##### Records provided #####

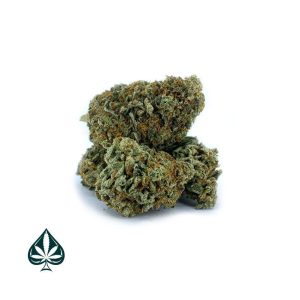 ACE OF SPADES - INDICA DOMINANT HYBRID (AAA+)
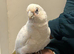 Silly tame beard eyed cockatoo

#####
##### Records provided #####

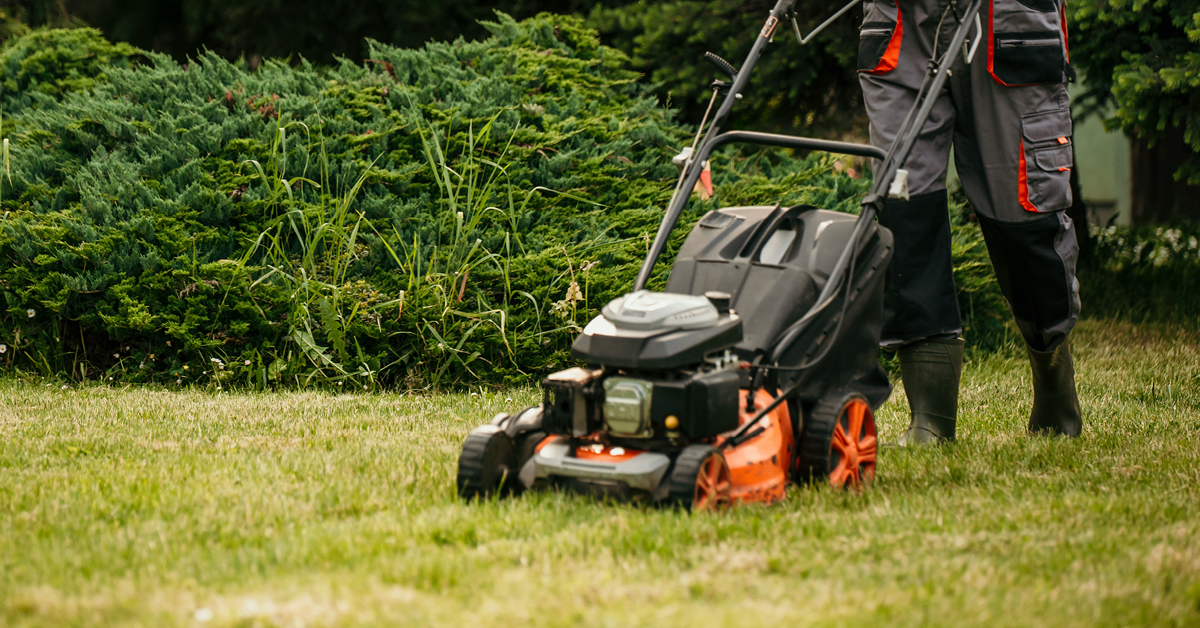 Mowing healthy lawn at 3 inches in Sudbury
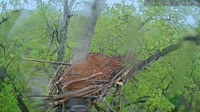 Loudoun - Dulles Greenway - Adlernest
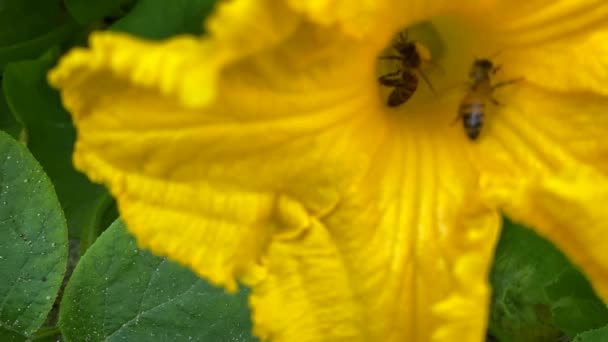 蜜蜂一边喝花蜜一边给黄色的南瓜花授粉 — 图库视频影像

#####

### Exercise objective
Print, exactly and with no pictures, the lines of the listing above starting at the one that has "Loudoun - Dulles Greenway - Adlernest" and ending at the one that has "蜜蜂一边喝花蜜一边给黄色的南瓜花授粉 — 图库视频影像", both included.

### Answer to the exercise
 Loudoun - Dulles Greenway - Adlernest
 蜜蜂一边喝花蜜一边给黄色的南瓜花授粉 — 图库视频影像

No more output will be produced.